In Copenhagen, one of the many civil society groups urged negotiators to work hard by reminding them constantly of the passage of time. Tick, tock was written on buttons and posters all around the Bella Center. Ads that greeted me upon arrival at the airport showed world leaders like Ban Ki-Moon and Yvo de Boer, Angela Merkel and Nicolas Sarkozy, greyed and wrinkled, thinking back to December 2009 and what they should have done.
Now a new deadline is on us. January 31, the date spelled out in the Copenhagen Accord for countries to register their specific emissions reductions commitments, is in just three days. The Accord’s three (3) pages of twelve (12) points of political agreement end with two (2) sign-up sheets:
Appendix I, “Quantified economy-wide emissions targets for 2020,”
Appendix II, “Nationally appropriate mitigation actions of developing country Parties.”

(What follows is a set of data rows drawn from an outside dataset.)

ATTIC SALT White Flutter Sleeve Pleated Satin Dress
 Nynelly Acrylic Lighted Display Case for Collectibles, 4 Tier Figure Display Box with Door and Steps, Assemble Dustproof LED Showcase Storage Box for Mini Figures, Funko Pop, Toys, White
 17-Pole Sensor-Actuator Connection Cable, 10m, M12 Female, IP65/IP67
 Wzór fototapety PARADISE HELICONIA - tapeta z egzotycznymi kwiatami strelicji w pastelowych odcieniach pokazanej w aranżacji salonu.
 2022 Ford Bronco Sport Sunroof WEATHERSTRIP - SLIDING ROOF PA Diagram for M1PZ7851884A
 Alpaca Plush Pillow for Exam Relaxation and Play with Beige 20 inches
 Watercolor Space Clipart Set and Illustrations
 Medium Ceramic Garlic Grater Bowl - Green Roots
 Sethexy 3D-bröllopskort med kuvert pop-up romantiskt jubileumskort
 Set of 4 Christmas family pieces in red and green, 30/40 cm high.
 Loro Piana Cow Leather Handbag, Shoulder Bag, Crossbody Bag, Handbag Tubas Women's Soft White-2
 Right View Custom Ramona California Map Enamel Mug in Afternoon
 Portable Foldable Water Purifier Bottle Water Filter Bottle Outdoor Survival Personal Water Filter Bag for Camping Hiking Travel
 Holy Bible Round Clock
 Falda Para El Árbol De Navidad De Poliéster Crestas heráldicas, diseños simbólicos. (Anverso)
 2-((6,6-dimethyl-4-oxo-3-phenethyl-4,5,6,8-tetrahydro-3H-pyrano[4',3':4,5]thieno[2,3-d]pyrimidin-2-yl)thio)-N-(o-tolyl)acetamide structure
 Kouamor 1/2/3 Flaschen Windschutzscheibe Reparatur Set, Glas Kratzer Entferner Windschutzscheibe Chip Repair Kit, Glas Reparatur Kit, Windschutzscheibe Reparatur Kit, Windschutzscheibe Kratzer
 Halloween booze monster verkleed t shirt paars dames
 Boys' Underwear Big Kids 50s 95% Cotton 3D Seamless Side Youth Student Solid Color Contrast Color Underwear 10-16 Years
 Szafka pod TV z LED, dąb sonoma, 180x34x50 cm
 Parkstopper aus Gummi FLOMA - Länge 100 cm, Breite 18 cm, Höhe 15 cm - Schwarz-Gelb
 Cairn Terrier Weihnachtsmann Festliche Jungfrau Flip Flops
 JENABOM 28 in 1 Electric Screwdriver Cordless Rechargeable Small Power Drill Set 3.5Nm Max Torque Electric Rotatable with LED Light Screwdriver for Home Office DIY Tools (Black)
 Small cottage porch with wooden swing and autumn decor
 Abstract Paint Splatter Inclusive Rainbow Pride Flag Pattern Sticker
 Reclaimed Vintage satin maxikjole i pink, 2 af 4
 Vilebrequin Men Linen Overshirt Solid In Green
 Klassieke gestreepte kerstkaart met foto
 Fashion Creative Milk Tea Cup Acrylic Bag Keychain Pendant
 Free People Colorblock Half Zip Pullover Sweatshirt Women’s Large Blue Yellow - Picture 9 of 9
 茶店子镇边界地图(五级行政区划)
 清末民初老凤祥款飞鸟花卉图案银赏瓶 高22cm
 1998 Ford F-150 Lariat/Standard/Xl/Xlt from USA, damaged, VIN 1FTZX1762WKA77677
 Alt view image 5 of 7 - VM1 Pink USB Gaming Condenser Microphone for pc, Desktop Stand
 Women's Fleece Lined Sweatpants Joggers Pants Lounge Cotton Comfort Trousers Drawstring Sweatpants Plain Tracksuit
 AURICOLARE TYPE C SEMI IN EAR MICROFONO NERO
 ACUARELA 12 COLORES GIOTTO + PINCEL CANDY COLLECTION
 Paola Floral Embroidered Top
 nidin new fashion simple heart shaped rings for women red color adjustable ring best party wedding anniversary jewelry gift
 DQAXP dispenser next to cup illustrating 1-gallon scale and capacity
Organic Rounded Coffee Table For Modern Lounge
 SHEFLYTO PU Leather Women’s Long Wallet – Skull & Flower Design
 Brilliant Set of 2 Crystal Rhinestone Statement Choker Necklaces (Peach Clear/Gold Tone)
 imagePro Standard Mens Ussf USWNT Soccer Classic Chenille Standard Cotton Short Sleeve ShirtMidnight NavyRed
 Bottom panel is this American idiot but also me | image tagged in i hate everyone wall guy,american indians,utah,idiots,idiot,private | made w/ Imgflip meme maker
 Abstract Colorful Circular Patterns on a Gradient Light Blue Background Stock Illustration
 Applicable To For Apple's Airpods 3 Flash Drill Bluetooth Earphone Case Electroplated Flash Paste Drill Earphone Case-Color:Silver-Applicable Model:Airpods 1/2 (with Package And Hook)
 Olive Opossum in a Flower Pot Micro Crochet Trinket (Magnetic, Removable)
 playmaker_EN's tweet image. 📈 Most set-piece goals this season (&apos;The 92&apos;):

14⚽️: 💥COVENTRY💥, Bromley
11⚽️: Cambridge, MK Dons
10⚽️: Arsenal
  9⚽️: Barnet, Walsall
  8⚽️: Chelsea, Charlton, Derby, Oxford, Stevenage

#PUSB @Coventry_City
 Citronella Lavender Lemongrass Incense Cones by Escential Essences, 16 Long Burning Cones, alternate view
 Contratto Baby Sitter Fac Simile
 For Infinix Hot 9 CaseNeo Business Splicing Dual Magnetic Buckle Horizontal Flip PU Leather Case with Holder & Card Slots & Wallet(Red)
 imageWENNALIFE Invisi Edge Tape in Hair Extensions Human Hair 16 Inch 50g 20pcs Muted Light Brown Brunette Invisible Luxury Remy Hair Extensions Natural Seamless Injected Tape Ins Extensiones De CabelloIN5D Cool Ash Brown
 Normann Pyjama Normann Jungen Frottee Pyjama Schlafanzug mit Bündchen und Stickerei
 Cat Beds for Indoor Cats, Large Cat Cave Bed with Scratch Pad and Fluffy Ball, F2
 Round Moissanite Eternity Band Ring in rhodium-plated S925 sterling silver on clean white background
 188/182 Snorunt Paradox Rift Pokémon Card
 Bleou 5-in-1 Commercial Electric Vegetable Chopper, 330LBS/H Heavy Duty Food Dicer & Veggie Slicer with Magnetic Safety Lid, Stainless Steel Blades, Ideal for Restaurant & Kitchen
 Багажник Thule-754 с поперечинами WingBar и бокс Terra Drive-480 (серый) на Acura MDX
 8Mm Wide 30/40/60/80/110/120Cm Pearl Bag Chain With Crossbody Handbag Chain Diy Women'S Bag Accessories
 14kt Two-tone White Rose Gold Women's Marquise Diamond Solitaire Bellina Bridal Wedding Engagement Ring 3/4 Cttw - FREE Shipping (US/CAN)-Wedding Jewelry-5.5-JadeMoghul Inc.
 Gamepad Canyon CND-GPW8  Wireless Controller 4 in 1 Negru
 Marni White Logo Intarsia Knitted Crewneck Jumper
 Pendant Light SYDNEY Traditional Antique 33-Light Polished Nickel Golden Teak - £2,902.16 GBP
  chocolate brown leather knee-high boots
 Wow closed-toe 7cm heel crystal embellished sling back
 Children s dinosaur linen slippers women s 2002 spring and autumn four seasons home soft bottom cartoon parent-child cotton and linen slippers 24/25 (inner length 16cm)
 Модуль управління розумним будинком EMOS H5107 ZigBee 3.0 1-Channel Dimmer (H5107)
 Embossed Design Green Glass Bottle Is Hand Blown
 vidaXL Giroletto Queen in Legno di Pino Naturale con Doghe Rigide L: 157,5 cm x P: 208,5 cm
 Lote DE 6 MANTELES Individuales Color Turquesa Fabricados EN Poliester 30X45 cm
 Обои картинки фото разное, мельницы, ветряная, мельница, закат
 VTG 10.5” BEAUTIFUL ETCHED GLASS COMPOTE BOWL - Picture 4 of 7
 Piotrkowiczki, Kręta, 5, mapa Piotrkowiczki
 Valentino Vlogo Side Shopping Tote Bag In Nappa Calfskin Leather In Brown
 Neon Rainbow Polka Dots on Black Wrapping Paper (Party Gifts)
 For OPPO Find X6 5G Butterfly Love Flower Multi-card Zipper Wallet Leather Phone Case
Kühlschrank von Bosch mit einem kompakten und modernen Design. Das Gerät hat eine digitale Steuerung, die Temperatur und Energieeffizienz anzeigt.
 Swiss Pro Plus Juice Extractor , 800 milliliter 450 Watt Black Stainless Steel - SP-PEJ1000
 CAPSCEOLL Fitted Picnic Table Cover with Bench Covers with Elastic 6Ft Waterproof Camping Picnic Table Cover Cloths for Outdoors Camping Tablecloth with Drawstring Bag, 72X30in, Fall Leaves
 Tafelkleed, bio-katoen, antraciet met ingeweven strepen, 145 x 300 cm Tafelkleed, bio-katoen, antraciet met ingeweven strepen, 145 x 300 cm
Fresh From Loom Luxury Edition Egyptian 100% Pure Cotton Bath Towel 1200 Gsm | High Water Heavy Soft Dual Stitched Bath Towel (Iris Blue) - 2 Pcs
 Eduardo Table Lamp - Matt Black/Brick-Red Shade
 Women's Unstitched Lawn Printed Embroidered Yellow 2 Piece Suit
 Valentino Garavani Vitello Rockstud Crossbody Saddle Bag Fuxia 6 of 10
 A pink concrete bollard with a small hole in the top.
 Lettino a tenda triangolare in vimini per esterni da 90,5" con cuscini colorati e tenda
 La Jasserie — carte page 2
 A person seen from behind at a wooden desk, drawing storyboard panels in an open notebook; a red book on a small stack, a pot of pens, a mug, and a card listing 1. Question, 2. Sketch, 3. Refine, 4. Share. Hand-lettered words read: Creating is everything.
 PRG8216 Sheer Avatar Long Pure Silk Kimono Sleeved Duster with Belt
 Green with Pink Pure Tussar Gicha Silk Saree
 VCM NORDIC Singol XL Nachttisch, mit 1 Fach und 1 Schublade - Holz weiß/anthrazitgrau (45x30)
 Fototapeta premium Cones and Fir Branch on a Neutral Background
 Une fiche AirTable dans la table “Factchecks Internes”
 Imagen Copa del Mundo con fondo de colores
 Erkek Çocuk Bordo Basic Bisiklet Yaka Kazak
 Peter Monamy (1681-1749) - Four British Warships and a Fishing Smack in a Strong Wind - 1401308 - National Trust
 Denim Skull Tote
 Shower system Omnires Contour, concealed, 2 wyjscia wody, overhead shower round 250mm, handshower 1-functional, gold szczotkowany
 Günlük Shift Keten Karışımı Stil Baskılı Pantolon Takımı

Annex I Parties like the US and EU members are supposed to write their names in the left hand column of Appendix I, then fill in the middle blank with their intended emissions reductions by 2020 and the base year in the far right column. Non-Annex I countries, like China, India, and Brazil, are asked to write their names on the left of Appendix II and their actions on the right. Simple, eh? Like signing up for the church bake sale or your shift at the PTO book fair?
It’s been pretty quiet since December 18/19. Sure, everyone is assuming that the targets countries announced in the run-up to Copenhagen (see this earlier post) will write themselves in the blanks. But what about the national laws needed to make them happen? President Lula of Brazil seems to have bested the pack. He signed into Brazilian law a 39% cut in GHG emissions by 2020, nationally committing to the country’s international “voluntary commitment” at Copenhagen. But stay tuned, for internal reports indicate that he has also vetoed needed legal and political infrastructure critical to the law’s success.
While there’s been a great deal of debate about COP15’s success, in light of the general Accord and the small group negotiation that led up to it, Andrew Light of the Center for American Progress registered this two-thumbs-up calculation of the Accord’s sign-up sheets: “When you add up everything that the 17 largest economies have on the table, not for a treaty mind you, but awaiting domestic action that could happen regardless of a treaty such as the US legislation, then we are 5 gigatons away from commitments that should get us on a 450ppm stabilization path by 2020, essentially 65% of the way there. Given that the world has managed to get on a potential track in that direction with the world’s largest historical emitter pretending nothing was happening in the mean time and, only trying to catch up recently, isn’t bad at all.”
Tick, tock. Let’s check back on February 1 and take stock.